Data block START
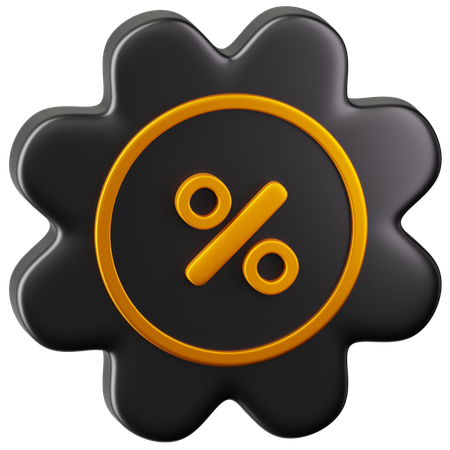 Percent Badge  3D Icon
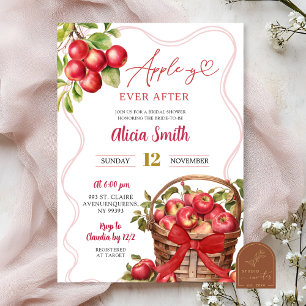 Invitación Ducha de Novia Tema Manzana Roja Gingham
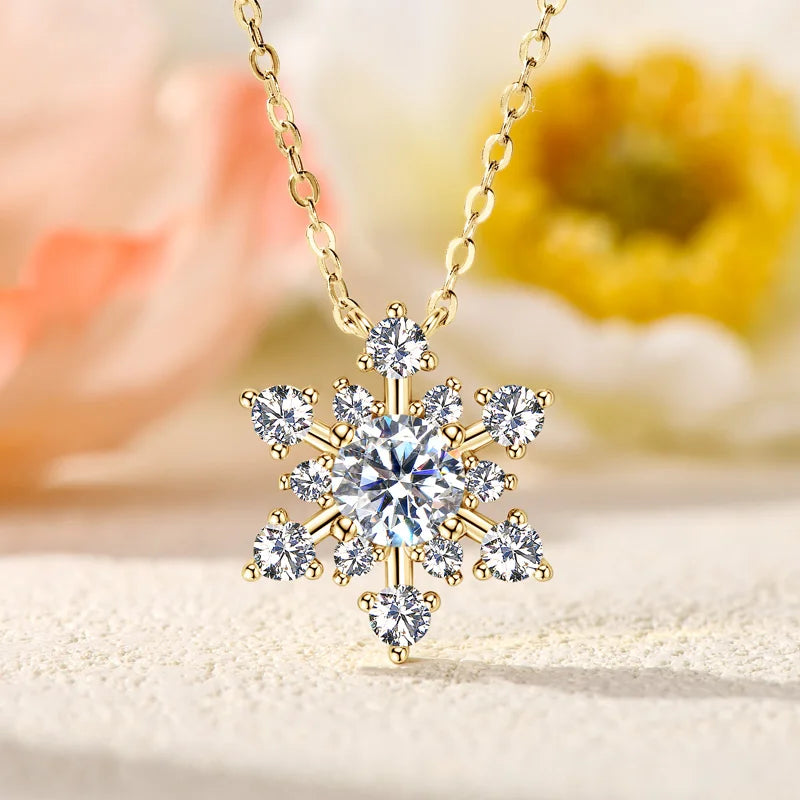 Lnngy Bling 6.5mm&3mm&2mm Moissanite Necklace 925 Sterling Silver Snowflake Pendant Necklaces for Women Christmas Jewelry Gift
Data block END
#### [Work required]
Return the listing above in an exact copy that leaves out the images.

#### [Solution for this exercise]
 Percent Badge  3D Icon
 Invitación Ducha de Novia Tema Manzana Roja Gingham
 Lnngy Bling 6.5mm&3mm&2mm Moissanite Necklace 925 Sterling Silver Snowflake Pendant Necklaces for Women Christmas Jewelry Gift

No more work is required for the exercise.